Abstract:
A careful analysis of an image processing-based disease identification method is
required for detecting, identifying, and treating pumpkin plant disease before it causes
damage to the entire plant, Because diseases in pumpkin plants cause significant
production and economic losses, as well as a reduction in the quality and quantity of
agricultural products. Using a laboratory and naked eyes of observation, plant
pathologists can detect pumpkin disease. This may take a long time and result in a loss
of extra outflow. This paper describes an automatic method for identifying pumpkin
leaf diseases that affect the leaf part, as well as segmentation and hyper parameter value
selection techniques for identifying the two types of pumpkin leaf diseases from
normal. Different hyper parameter values are used in this paper to speed up and
improve the system's accuracy. We also used two different image noise removal
techniques, which are Median and Gabor. We perform an experiment for each of the
hyper parameter values, noise removal techniques and find the best one. Our system is
designed by incorporating four mechanisms: preprocessing (image resizing, noise
removal, and JPG conversion). We normalize the image into (256,256), (227,227),
(224,224), and (192,192) and (128,128) pixel sizes, but (224,224) produces higher
accuracy. Segmenting the region of interest from the given image by using watershed.

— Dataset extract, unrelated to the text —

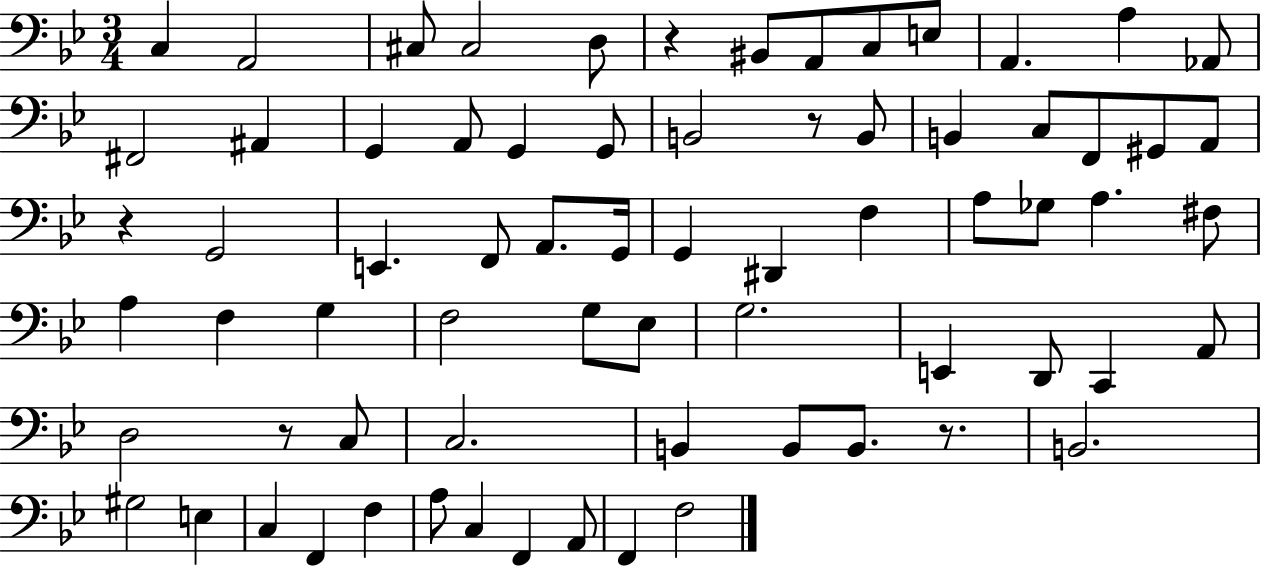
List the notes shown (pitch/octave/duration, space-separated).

C3/q A2/h C#3/e C#3/h D3/e R/q BIS2/e A2/e C3/e E3/e A2/q. A3/q Ab2/e F#2/h A#2/q G2/q A2/e G2/q G2/e B2/h R/e B2/e B2/q C3/e F2/e G#2/e A2/e R/q G2/h E2/q. F2/e A2/e. G2/s G2/q D#2/q F3/q A3/e Gb3/e A3/q. F#3/e A3/q F3/q G3/q F3/h G3/e Eb3/e G3/h. E2/q D2/e C2/q A2/e D3/h R/e C3/e C3/h. B2/q B2/e B2/e. R/e. B2/h. G#3/h E3/q C3/q F2/q F3/q A3/e C3/q F2/q A2/e F2/q F3/h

Finally, we used deep CNN for feature extraction and a three-way SoftMax to classify
pumpkins into three categories: pumpkin powdery mildew, downy mildew, and normal
pumpkins. Hyper parameter values involved in our model are selected by comparing
and contrasting using our pumpkinNet model. The dataset was collected from the west
go jam zone, particularly the south and north of Achefer. The system was tested and
evaluated using sample images, with 80 percent of the dataset being used for training
and 20 percent for testing. Finally, the model achieved 98.2% training accuracy and
98.1% testing accuracy.
Keywords: Pumpkin disease, Convolutional Neural Network, Feature learning,
Watershed segmentation, SoftMax, hyper parameter values.